The itinerary that we eventually chose was more like 2 city breaks. Unlike other itineraries such as the “golden circle” that coaches out of Moscow to a string of cities before reaching St Petersburg, this one focused solely on exploring both cities only. Sure there were the short excursions outside of the cities, but the tour largely stayed within the periphery of them. Which is probably a better approach to sampling Russia for the first time.

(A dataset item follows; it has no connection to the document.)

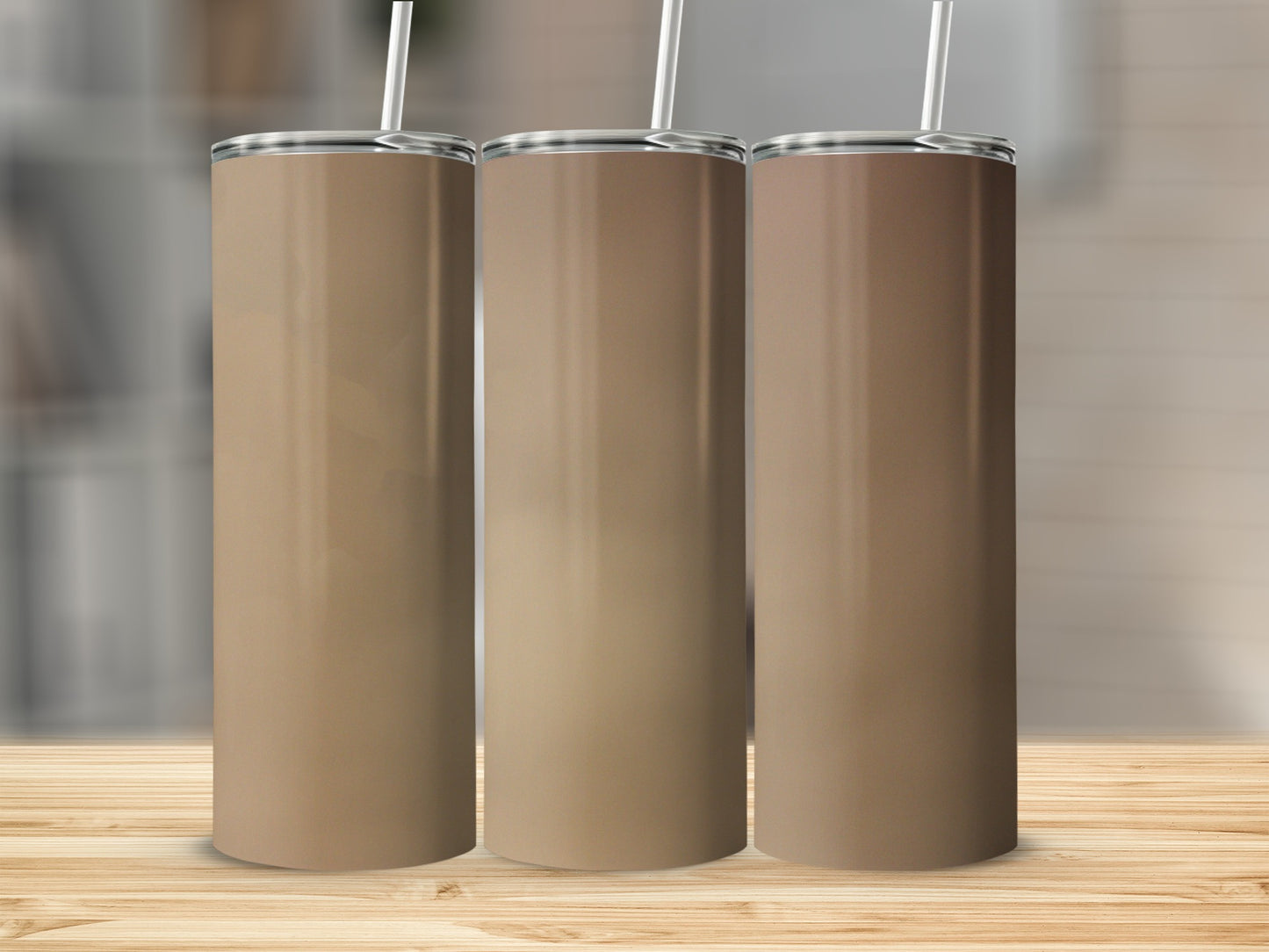 Three blank tan tumblers with straws on a wooden surface.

But it was not just any itinerary that we chose, for we did not want to experience the overnight train from Moscow to St Petersburg. Because we’ve heard too much horror stories about those night trains. You know, about how the sleeping cabins were broken into and tourists being robbed. We were probably wrong about all of that, but we did not take the chance.
The journey itself
In some ways was very good. Because there was a Singaporean chaperone/guide that came along with the group of nearly 40 people. While he was not the person performing the guide function per se, he was there for the much needed interface with the local guides and hotel people who may not fully understand some of the folks on the tour. Sure we need to tip the guy at the end too, but it was well worth it. Of course it also means having to adapt to a group mentality too and much depends on the attitudes of the other travelers.

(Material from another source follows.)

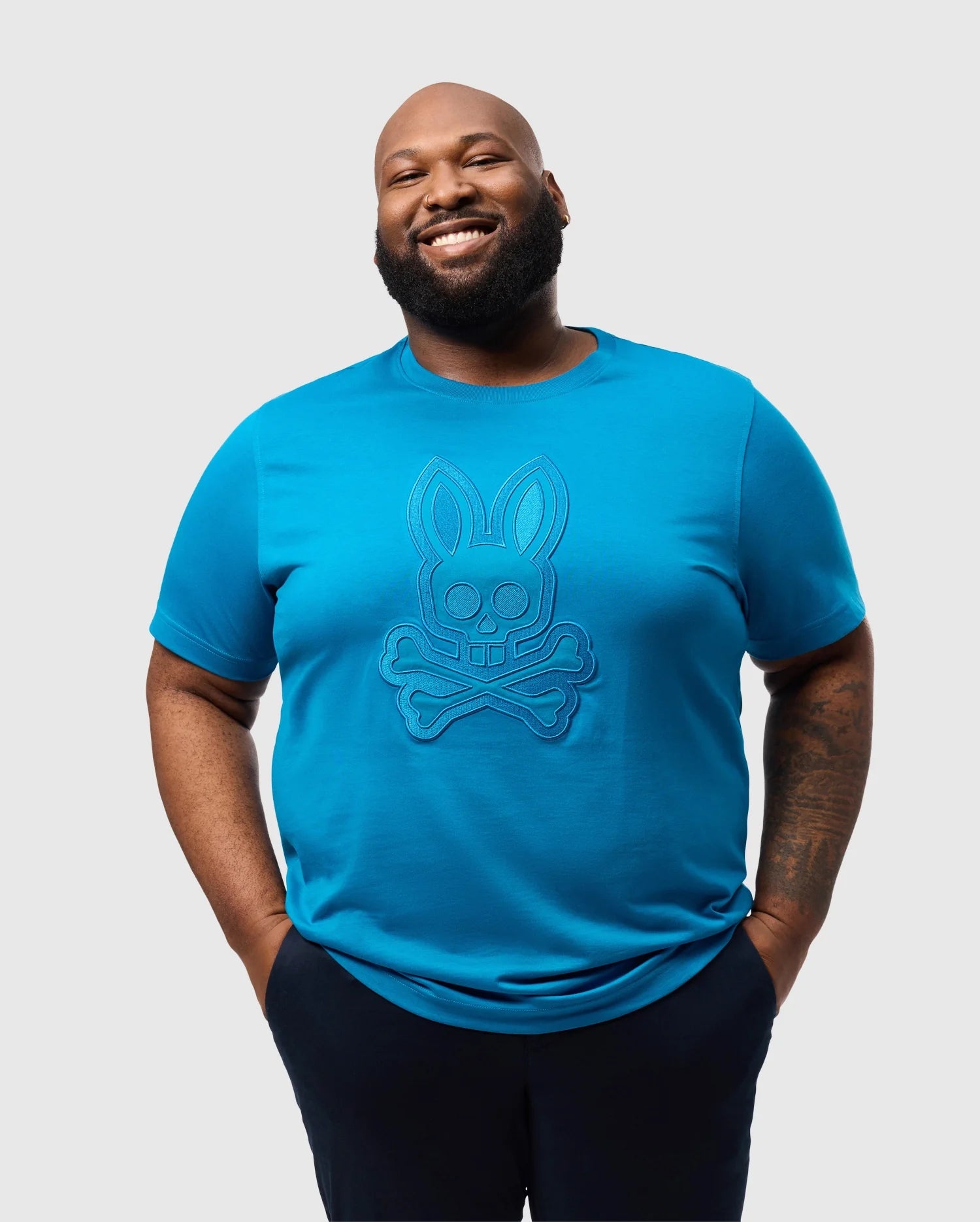 A man smiles, hands in pockets, wearing the Psycho Bunny BIG AND TALL MALTON GRAPHIC TEE - B9U795D200. The vibrant bunny and crossbones design pops against the light gray backdrop. Crafted with Peruvian artistry, it's made from soft Pima cotton.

So let’s list out the other pros and cons of doing a group journey:
- Economy of scale? In the sense we book a whole train cabin for the group.
- “Priority” in the how we were processed for entry to attractions.
- ‘Hands free’ in that our stuff can be left in the coach.
- No fuss and stress to get around between attractions or to meals and accommodations.
- General feeling of security that one is being looked after.
- The itinerary is set. No deviations.
- Time at attractions are limited to what is allocated as a group.
- Dining locations are fixed. Varying quality of meals.
On the overall experience it is far more positive than we had expected. And that to us is mainly thanks to the hard work put in by the respective guides both local (in Russia) and local (as in the red dot representative from the tour agency).
So what were some of the other highlights that we did not share in the journalogs?
For one thing you really need to sample both ice cream the GUM and Bosco stalls when you are the department store. The texture definitely different. And when you get tired get to the 2nd floor and look for one of them colorfully painted benches. Get a list of chocolate brands to buy from your guide and have him/her write it down since Cyrillic is a very different written form of language. Best of all try some caviar with locally brewed sparkling wine.
We would have loved to explore more stations of the Moscow subway. The four that we were introduced to were nice, but there are many more out here that extensive network. And as you explore the city’s streets you might come up to an old Russian branded car too!
While in St Petersburg, one of the most memorable activity was the visit to the Hermitage. Now there are many things to see, but did you know they actually displayed a mummy in the Egyptology department?
We enjoyed trying our hand at painting a Matryoshka doll. Sure it was a disaster (especially for Mel) as we did injustice to the wooden pieces, but it was all for fun. Today the amateur painted dolls stand proudly next to the ones produced by professional hands. Oh how we reminisce whenever we catch a glimpse of them in the display cabinet. It was our work of art!
So this journey was definitely a teaser.
We probably would love to revisit St Petersburg, which seems less “polluted” by Soviet era architecture. However we are also mulling over other cities such as Novgorod and Kazan too. As we also mentioned earlier in this essay, a luxurious train journey across Russia to cap off our lives would also be an icing on the cake.